* Task to carry out:
Set out exactly, and only, the lines running from the one containing "Estes Maxi Alpha 3 Rocket - SL2 Launch Set" to the bottom of the listing below; pictures stay out.

* Data excerpt:
┄┄┄┄┄┄┄┄┄┄┄┄┄┄┄┄┄┄┄┄

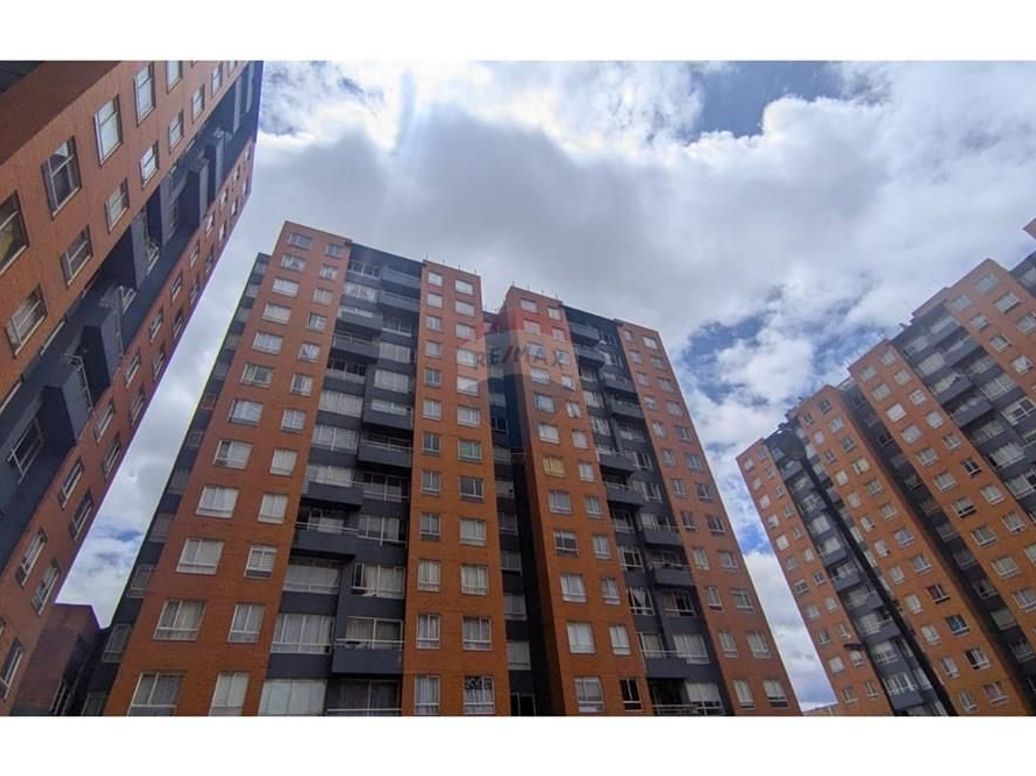 Apartamento de 2 alcobas en venta en San Andrés, Bogotá, 45 m² · foto 19 de 19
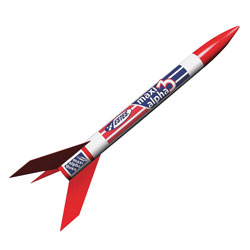 Estes Maxi Alpha 3 Rocket - SL2 Launch Set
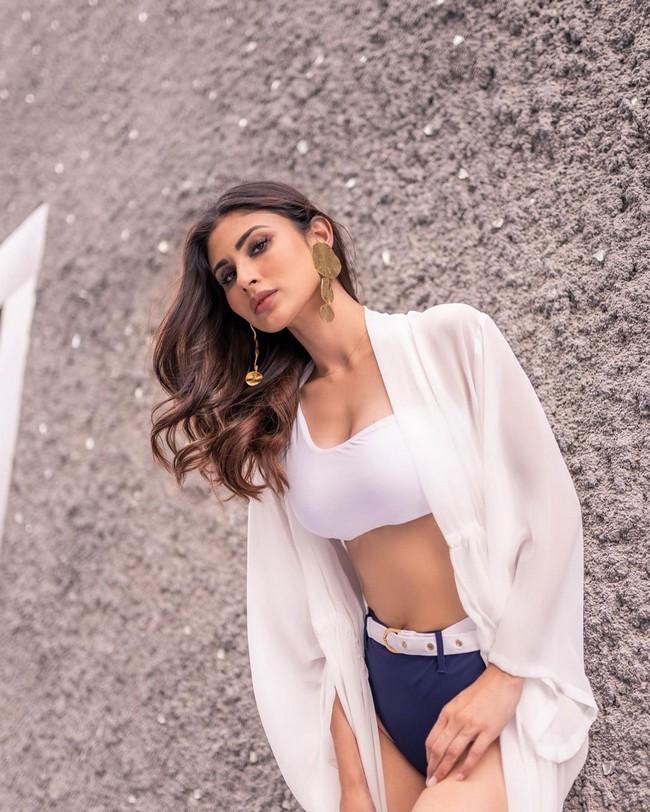 Mouni Roy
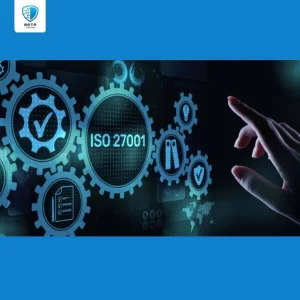 ISO Consultant in Dubai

┄┄┄┄┄┄┄┄┄┄┄┄┄┄┄┄┄┄┄┄

* Answer to this exercise:
 Estes Maxi Alpha 3 Rocket - SL2 Launch Set
 Mouni Roy
 ISO Consultant in Dubai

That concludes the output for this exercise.